The key benefit of the full recovery model is that it can restore a database exactly to any point in time since the last full backup was taken, including potentially to the point the disaster occurred, resulting in no data loss. It should only be used if simple recovery is not sufficient to meet the recovery needs as it incurs cost of performance and storage space.

Backup frequency

By default, PME is configured to backup the ApplicationModules and ION_Network databases on a daily basis, while the ION_Data database is backed up once per week. This default configuration assumes that meters installed throughout the network have onboard memory and onboard logging enabled with a log of at least 14 days of data. This weekly frequency balances the need for performance in steady state and disaster recovery preparation. Frequent transaction log backups can lead to an unnecessarily bloated LDF file, which can cause performance issues.

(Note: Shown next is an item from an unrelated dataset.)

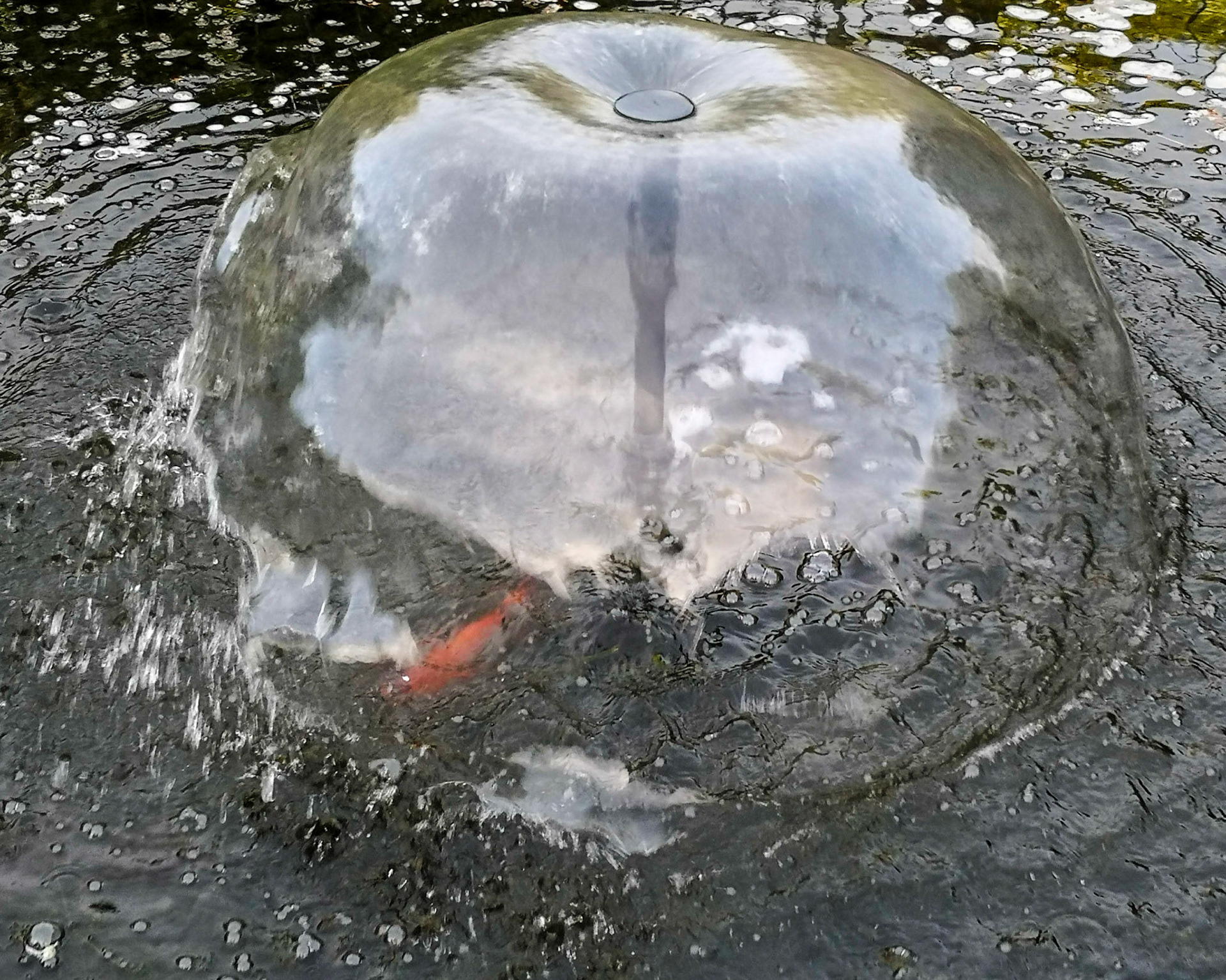 Fish pond, Five Oaks, 2019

If your PME system is critical, it is important to ensure you have a frequent backup strategy to support quick recovery. In this case, the recommended practices are:

Set the ION_Data database recovery model to Full
Schedule daily full backups
Schedule hourly transaction log backups
Continue to keep the last 2 full backup files on the server
Increase hard drive storage space by the 2 x size of a ION_Data.MDF file for the additional transaction log backup files
Keep the last 24 transaction log backup files on the server

The recommended backup configuration and frequency for PME and system database are as follows:

Component	Name	Description	Recovery Model	Backup Frequency
PME Database	ION_Network	All	Simple	Daily
PME Database	Application Module	All	Simple	Daily
PME Database	ION_Data	For systems with meters that have at least 14 days of onboard logging	Simple	Weekly
PME Database *	ION_Data	For systems without onboard logging or for critical systems NOTE: Perform hourly transaction logs backup. Review data storage requirements for the additional transaction log backup files	Full	Daily
PME Database	ION_Data archive	All	Simple	Upon creation
System Database	master	All	Simple	Daily
System Database	model	All	Full	As required
System Database	msdb	All	Simple	Daily

Additionally, all the components should be manually backed up after an update.

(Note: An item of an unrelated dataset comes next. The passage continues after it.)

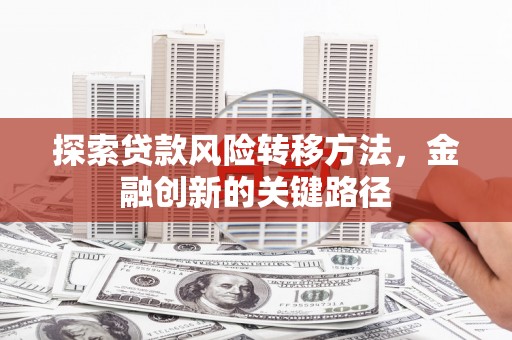 新埔探索贷款风险转移方法，金融创新的关键路径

The recommended backup configuration and frequency for PME and system files are as follows:

Component	Name	Backup frequency
PME Files	PME	Backup upon significant system change Use Configuration Manager to backup and archive PME files. Be sure to deselect the database options
System Files	SQL Server	Backup upon significant system change Backup “%PROGRAMFILES% Microsoft SQL Server” folder upon major system changes (hotfixes and upgrades)
System Files	Windows registry	Monthly and after a significant system change
System and PME Files	Full Server Backup	Annually or upon significant system change Backup the entire PME application and database servers (excluding MDF, NDF, and LDF database files) once a year and after each significant system change (upgrade)

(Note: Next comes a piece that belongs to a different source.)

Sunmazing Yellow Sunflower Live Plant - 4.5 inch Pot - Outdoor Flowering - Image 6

Storage and retention of backup

In the PME Planning stage, we recommend to have enough additional hard drive space to support at least three times the expected size of the main ION_Data (MDF) database. This estimation assumes that two backup files are stored on the production server.

We recommend the following storage and retention strategy:

Follow the 3-2-1 Rule
- Store backups locally on a RAID protected drive for the shortest amount of recovery time.
- Store a copy of backups on a centralized set of disks so you can recover the backups on another server if the production SQL Server encounters a critical issue.
- Store a copy of the backups off-site on external drives or in the cloud in case a site disaster occurs.

Set up automated processes to backup and move files to separate locations.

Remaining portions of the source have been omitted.